Once they were settled with steaming cups of coffee in front of them and the waitress was gone, D studied Rob.
“What weighs so heavily on you, my friend?”
Rob was silent for a moment as he thought of what to say. “It’s my mind,” he finally said. “It keeps chasing my thoughts from one subject to another. I think about everything. It just about
drives me crazy sometimes.”
“That’s why you need the Jack?”
“Yeah, and the Valium. It’s the only way I can fall asleep and stay asleep.”
“Maybe you should see a doctor?”
“Did that already. Lucy’s idea.”
“I don’t even want to say.”
“It’s okay, Rob.” D looked straight into Rob’s eyes. “We’ve been friends a long time now. You should know what you tell me stays with me. And I know what I tell you stays with you. It’s the way it
Rob hadn’t thought about it until now, but, yes, D always kept the things to himself. Maybe that’s why Rob was so comfortable around him. D would never jeopardize their friendship. Rob
was secure with that knowledge. He decided to tell him.
“The doctor said I might have clinical depression, or that I’m manic depressive. That means…”
D heaved a heavy sigh. “I know what that means.”
“In other words, I might have a mental illness. I was so shaken I didn’t tell anyone.
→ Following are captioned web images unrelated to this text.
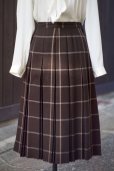画像1: タータンチェック柄 ブラウン系 ウール スカート プリーツ ヘリンボーン w71cm 丈68cm [17638] (1)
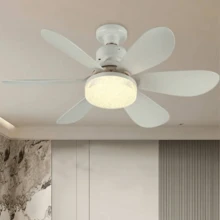 Modern And Silent Ceiling Fan With Light, E27 Base And Remote Controls, Ideal For Bedroom, Kitchen, Living Room.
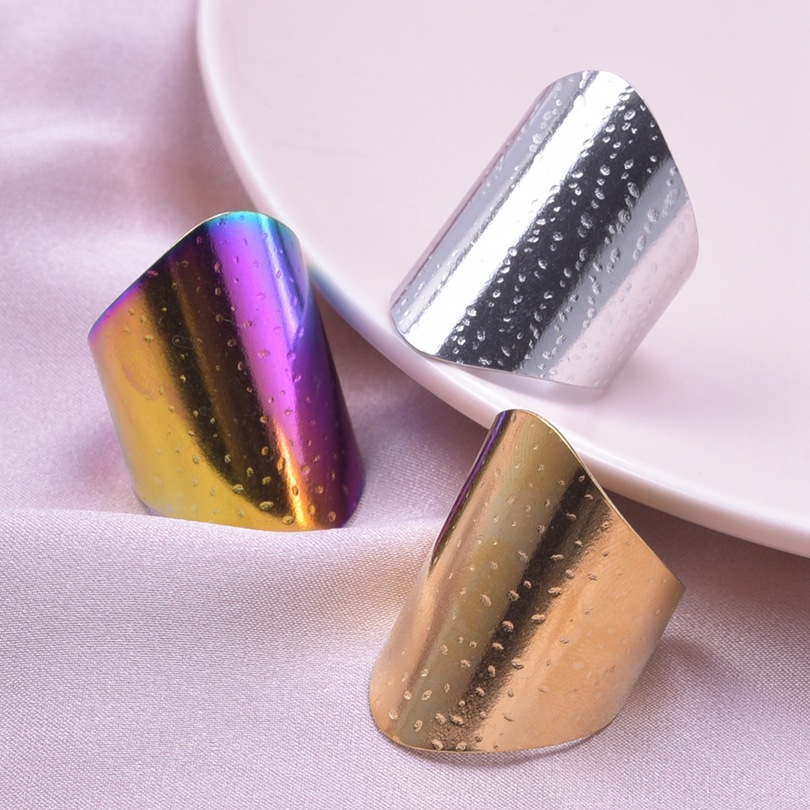 Vintage Style Geometric Solid Color Stainless Steel Polishing Open Rings display picture 6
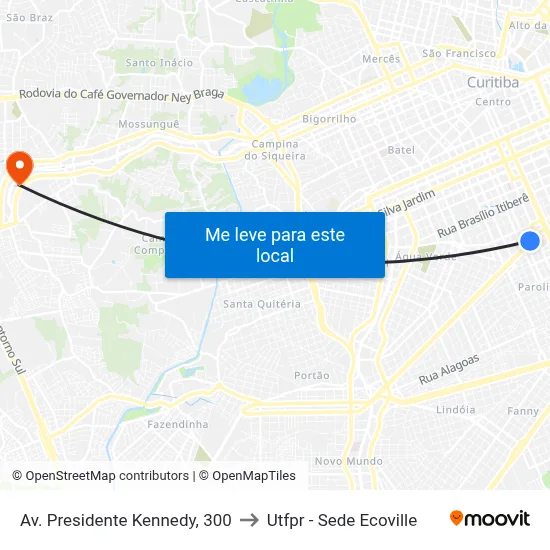 Av. Presidente Kennedy, 300 to Utfpr - Sede Ecoville map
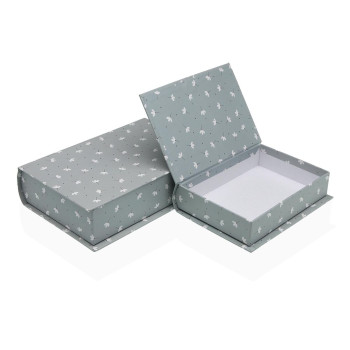 Decorative box Versa Canvas MDF Wood Flowers Book,,,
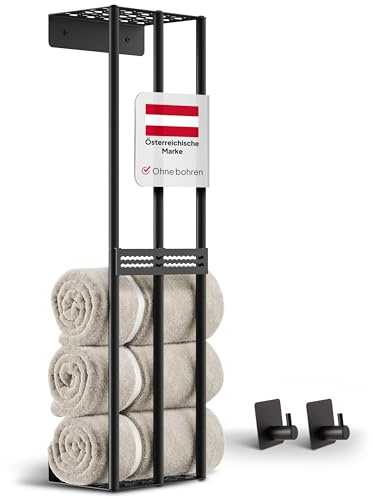 ProfoundGear Handtuchhalter Wand ohne Bohren, Schwarz, 72,5 cm – Wandmontage selbstklebend & hängend – Wandregal Badezimmer aus Metall für kleine & große Handtücher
Not even Lucy.” He looked at D from the corner of his eye and wondered if D would reject him now.
But D was quiet for a long time. Rob grew impatient waiting for him to speak. “So?”
“So? What do I think? I think the doc might be right. It would explain a lot of things.”
“Like what?” Rob asked.
“The suicide attempts. The mood swings. The outbursts. What did the doc do for you? Did he prescribe any medication?”
“I don’t know. I never went back.”
“Do you think that was wise?”
Rob took a sip of the coffee. It had cooled so he took another sip. “Have you ever known me to do anything wise?”
D snorted. “Guess not. So tell me what bother’s you so much that you can’t sleep.”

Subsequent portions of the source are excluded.